President-Elect Obama has made it clear he wants to send more troops into Afghanistan, to try and tip the balance like we did in Iraq. But one thing we did in Iraq, in addition to sending more firepower, was use that firepower to go after our enemies and free the locals from violent oppression. One of the mistakes the UN and NATO have made over the years (and the US to be honest) is showing force but not using it. Especially with the UN and some EU countries, their forces are all show – barred from making attacks that can win the battles and the war.

That is how America suffered losses in Vietnam and Somalia – by being too stingy and restrained. It is when we apply our power in an overwhelming manner – like we did in Kuwait, Iraq and Afghanistan – that we achieve victory. Time will tell, but I fear we have another spineless liberal democrat as we had with Clinton and Carter. This is one time I would be happy to be proved wrong so I could throw my support behind the President-Elect and his efforts to annihilate our enemies hiding out in the mountains of Pakistan.

One response so far

One Response to “Will Obama Continue To Attack Our Enemies Hiding In Pakistan’s Lawless Tribal Region?”

  1. kathie says:

    I think that Obama will continue the Bush foreign policy in all areas. The things he said about talking to Iran, supporting Pakistan, moving to reduce troops in Iraq, greater support for Afghanistan, talks with North Korea, are all things that Bush has done, he just hasn’t broadcast the conversations.

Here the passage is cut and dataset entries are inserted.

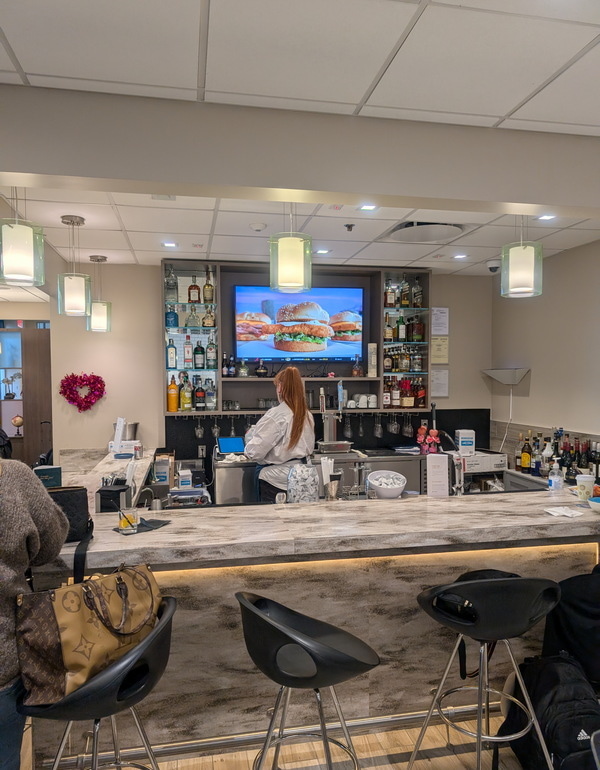 the bar area with bottles on the back and a tv.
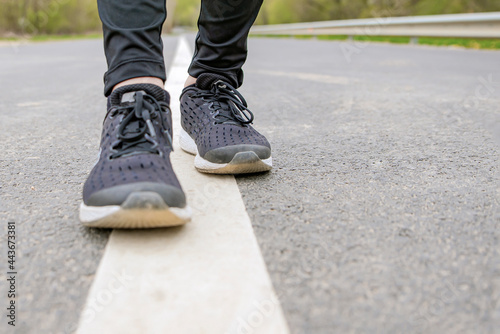 Morning run. Running feet while running, Runner in black sneakers runs on the asphalt.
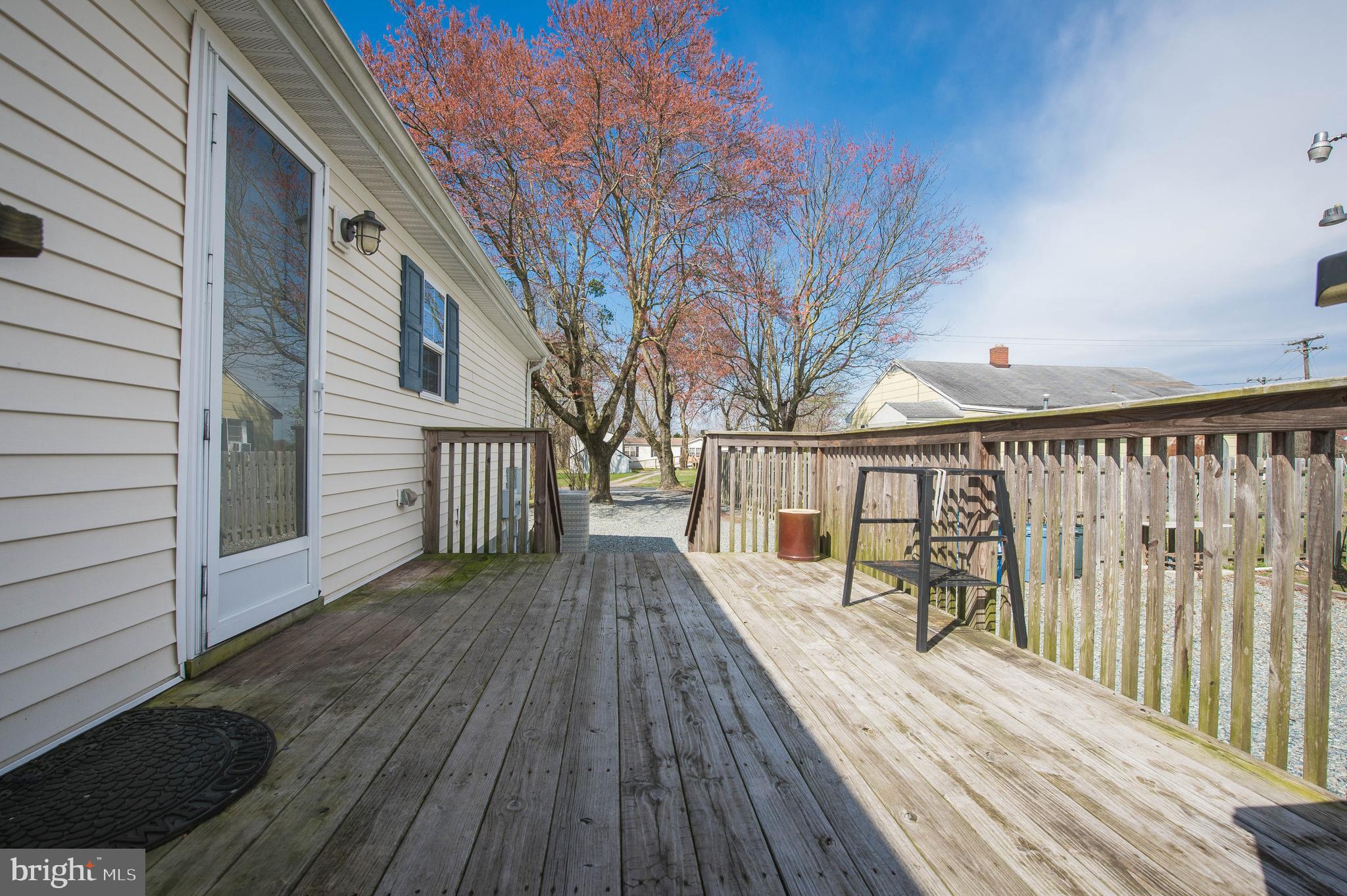 36388 Poplar Neck Road Willards, MD 21874 - Photo 12 of 34 a view of wooden balcony with a couple of trees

    The biggest problem is that Obama is going to spend one hell of a lot of money on domestic projects that will leave this country in a terrible bind if we have another attack. We were able to recover from the last attack because we had economic flexibility. We will have none if we put ourselves into a trillion dollar debt. I just can’t understand why state legislatures refuse to tighten their belts when every single person is tightening theirs. Everything is shrinking except state government.